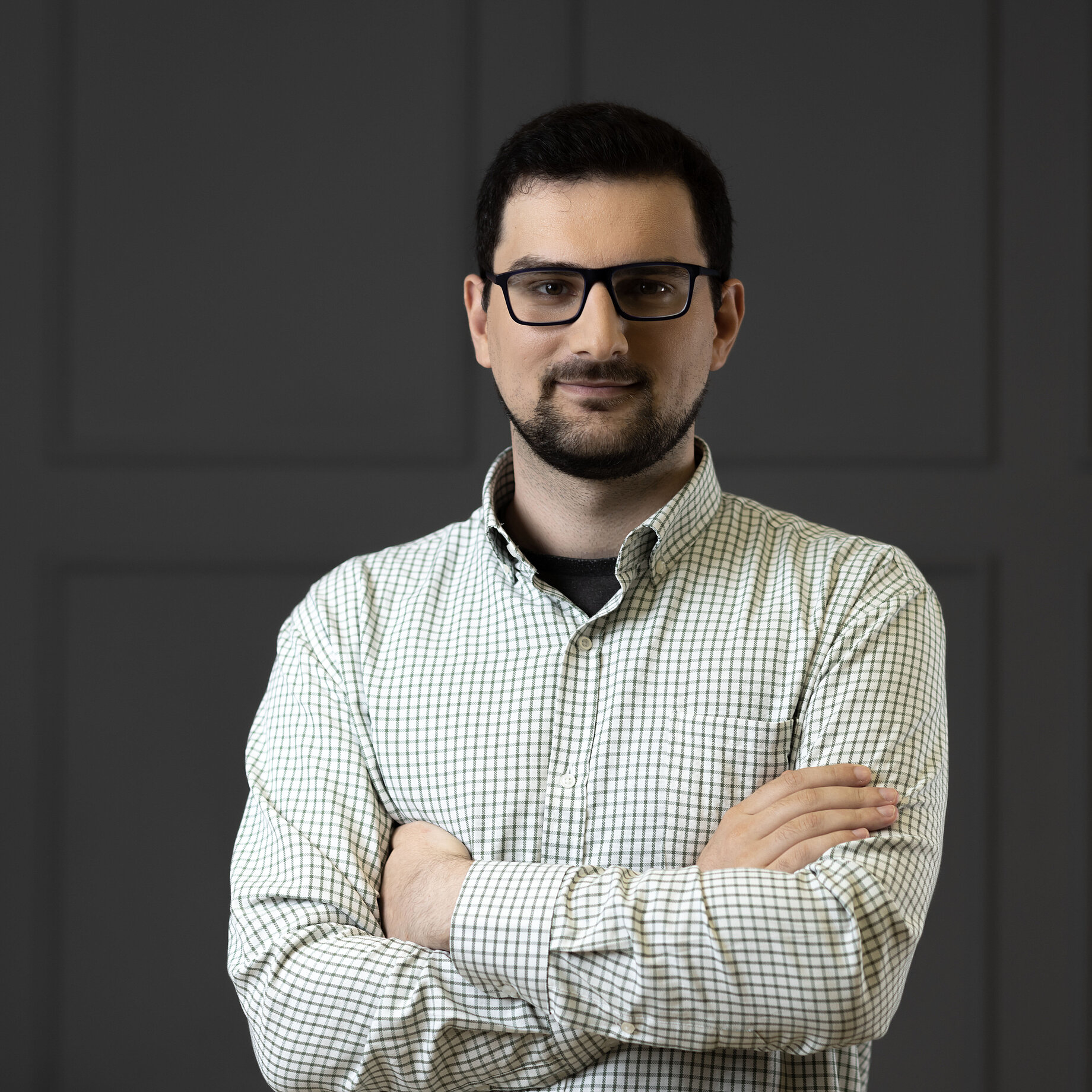 A man standing straight with his arms crossed in front of a dark and patterned background. He has dark short hair and has a trimmed beared. He is also wearing glasses and a light and patterend shirt.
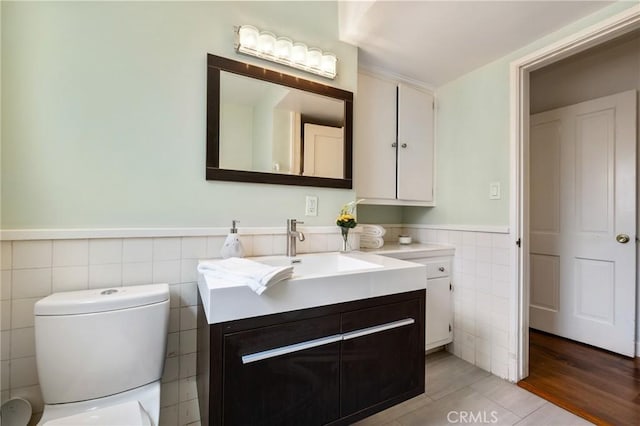 5023 Stern Ave, Sherman Oaks, CA 91423 - bathroom with tile walls, vanity, toilet, wainscoting, and tile patterned floors
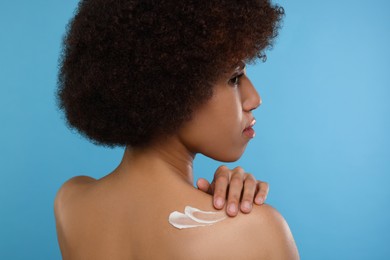 Photo of Beautiful young woman applying body cream onto back on light blue background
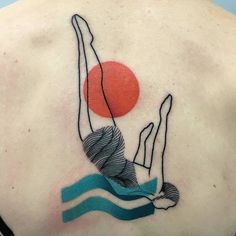 a man with a tattoo on his back holding a frisbee in the air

=====

Copy out the listing above exactly, and keep the pictures out of it.

 A man standing straight with his arms crossed in front of a dark and patterned background. He has dark short hair and has a trimmed beared. He is also wearing glasses and a light and patterend shirt.
 5023 Stern Ave, Sherman Oaks, CA 91423 - bathroom with tile walls, vanity, toilet, wainscoting, and tile patterned floors
 Photo of Beautiful young woman applying body cream onto back on light blue background
 a man with a tattoo on his back holding a frisbee in the air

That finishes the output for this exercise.